● **TASK STATEMENT**: Images should not appear in the copy, yet every line of the listing below must be printed exactly.

● **EXTRACTED INFORMATION**:
..............................

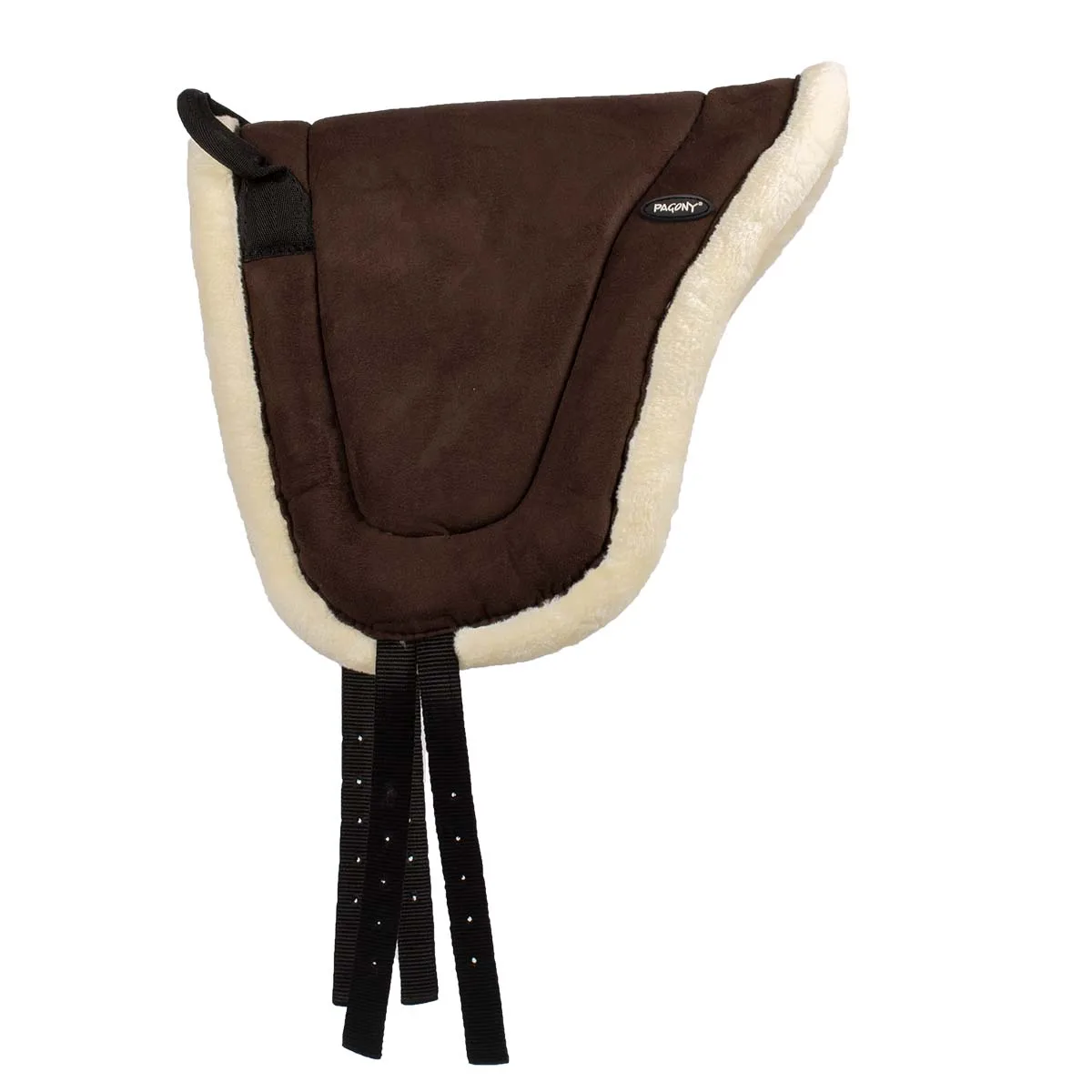 Pagony Bareback pad playgo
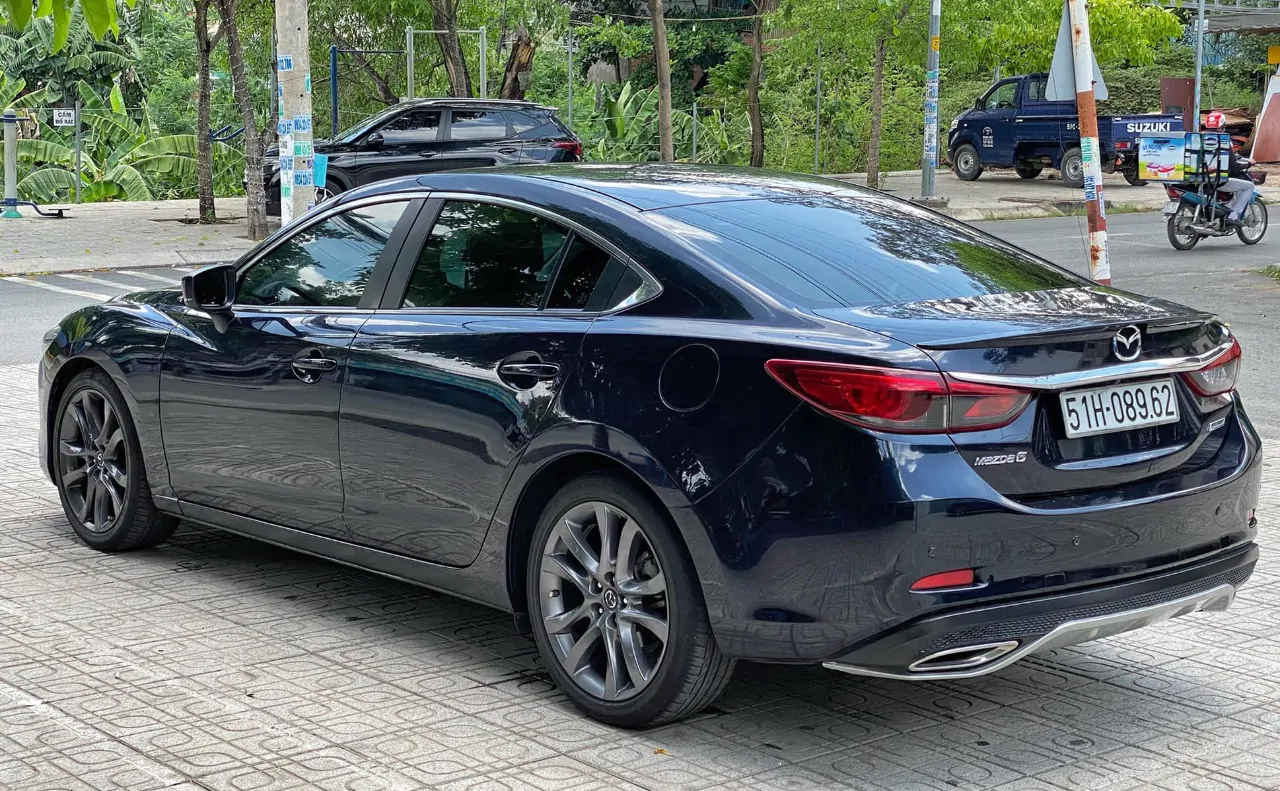 Mazda 6 2_0 Premium 2017 1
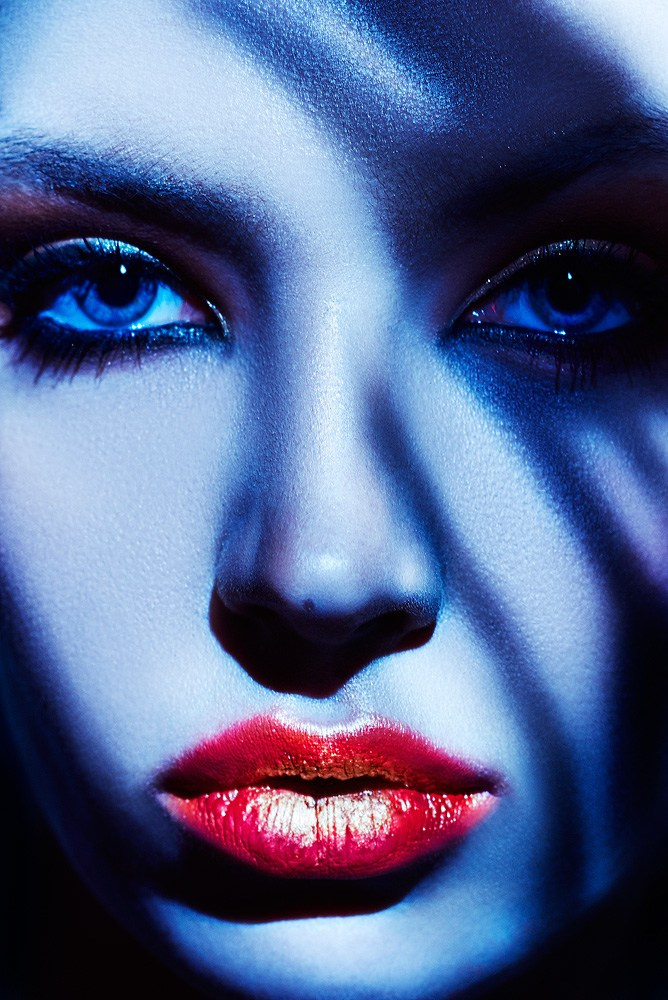 Beauty портфолио. Beauty фотограф Павел Паршин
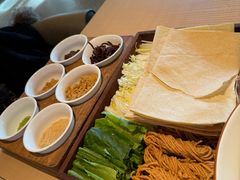 -海泰食府·新鲁菜·家宴(总部基地店)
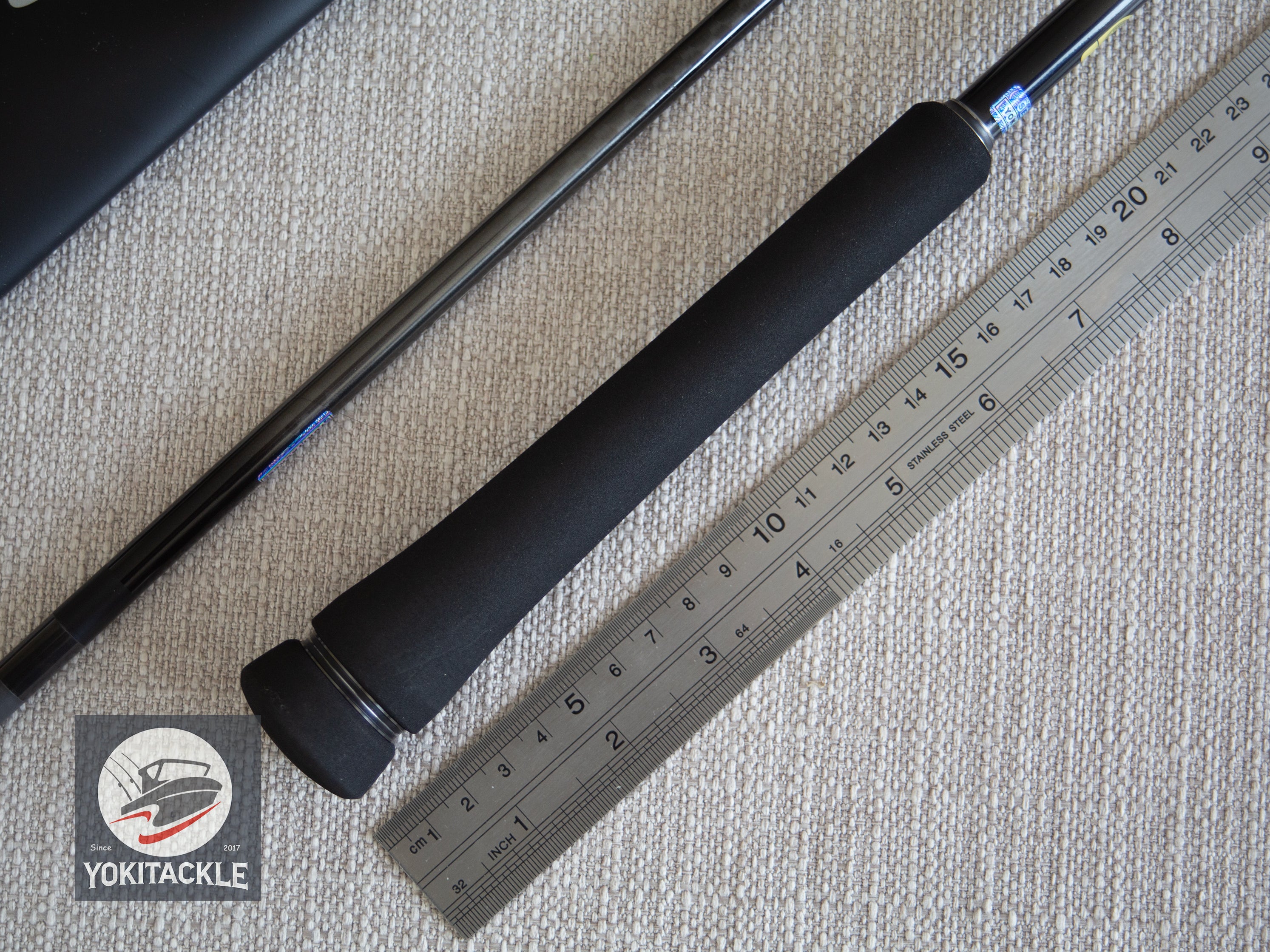 Brand New Shimano 24 OCEA BLADE S70-0 Spinning Rod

..............................

● **COMPLETED EXERCISE**:
 Pagony Bareback pad playgo
 Mazda 6 2_0 Premium 2017 1
 Beauty портфолио. Beauty фотограф Павел Паршин
 -海泰食府·新鲁菜·家宴(总部基地店)
 Brand New Shimano 24 OCEA BLADE S70-0 Spinning Rod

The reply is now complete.